Sup de Co, devenue entre temps «le groupe Esc Yaoundé» est aujourd'hui constituée de deux établissements : une pour le Commerce et l'autre dispensant des formations gestion des entreprises: l'Institut supérieur qui forme pendant deux ans au Bts ou Hnd, et l'Ecole supérieure qui débouche sur le diplôme de Master, souvent après deux ans de classes préparatoires. Chacun des mille étudiants qui s'y inscrivent chaque année doit débourser entre 410 mille et deux millions FCfa. Scandaleux pour un pays où une bonne partie de la population peine à se nourrir? Certainement pas, pour les responsables de cette institution. Ceux ci considèrent ces prix comme la juste contre partie de la qualité de la formation offerte. «En trois promotions, nous avons produits près de 50 Masters. Presque tous sont des hauts cadres dans des entreprises nationales et des multinationales», précise en substance Robert Nyangang. «Les autres, poursuit-il, ont choisi de poursuivre leurs études en s'inscrivant à un Master spécialisé». D'ailleurs, en 2008, le magazine Jeune Afrique classait cette structure à la 11ème position des meilleurs «Busness School» d'Afrique. «Un motif de fierté, mais davantage une exigence de plus de performance», reconnaît notre hôte.

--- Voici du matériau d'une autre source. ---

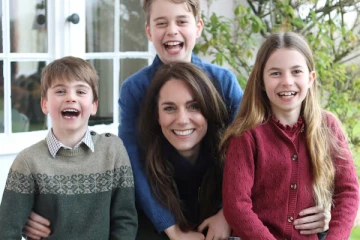 புகைப்படத்தால் சர்ச்சை; மன்னிப்பு கேட்ட வேல்ஸ் இளவரசி கேட்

Dans cette optique, de nombreux projets de partenariat avec des écoles de commerce mondiales sont en gestation. Et Robert Nyangang qui sait ce que va coûter cette nouvelle augmentation de régime, n'en dort plus de la nuit. Il sait qu'il ne faut faire l'économie d'aucune once de temps et d'aucun moyen. Et c'est avec acharnement qu'il travaille ces derniers mois. Même s'il n'a pas encore le tic du coup d'œil intempestif à la montre-bracelet, ce n'est que trop modérément qu'il s'accommode des jets lags.